Unlike almost any other form of physical activity, yoga integrates the body, mind, and breath. It engages the whole person, and its benefits are rooted in physicality but go deeper than the physical to beautifully counteract the stresses and impact of daily life.

Mindful yoga practice helps you cultivate the ability to discern, to develop greater self-awareness, and to know your body, mind, and breath better so that it’s easier to listen to your needs on a moment-to-moment basis. This is the magic that, like Dorothy in her ruby slippers, you’ve always possessed. Yoga just teaches you how to access it.

When I came out of my first savasana 18 years ago, I didn’t know what hit me. I’d been an athlete and a dancer all my life, so I was no stranger to my body and to how great it feels to move. But something was different with yoga from the very first time I tried it.
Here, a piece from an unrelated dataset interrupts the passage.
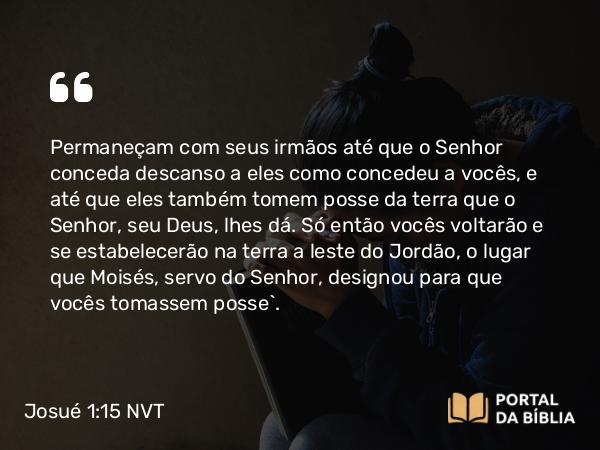 Josué 1:15 NVT - Permaneçam com seus irmãos até que o SENHOR conceda descanso a eles como concedeu a vocês, e até que eles também tomem posse da terra que o SENHOR, seu Deus, lhes dá. Só então vocês voltarão e se estabelecerão na terra a leste do Jordão, o lugar que Moisés, servo do SENHOR, designou para que vocês tomassem posse”.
I became a yoga evangelist! I insisted that my mom and dad try it and cajoled friends to join me forclass. I just knew that the world would be a better place if everyone practiced yoga daily.

I completed my first yoga teacher training two years later, and I’ve been a dedicated student, practitioner, and teacher ever since. My husband and I opened our studio 10 years ago and, fortunately for our friends and family, I’ve mellowed a bit over the years.

While I still occasionally have the urge to get on my soap box knowing there are people who haven’t tried this incredible, powerful, and empowering tool for body/mind health, I know Yoga doesn’t need me to speak for it. Yoga Matters because the benefits speak for themselves.

When you leave class feeling happier and healthier, your mindful yoga practice has made a difference in your body and mind.

When you find a way to get to your mat on a busy day, yoga creates time and space and puts things in perspective (and even turns your world upside down for a few minutes!).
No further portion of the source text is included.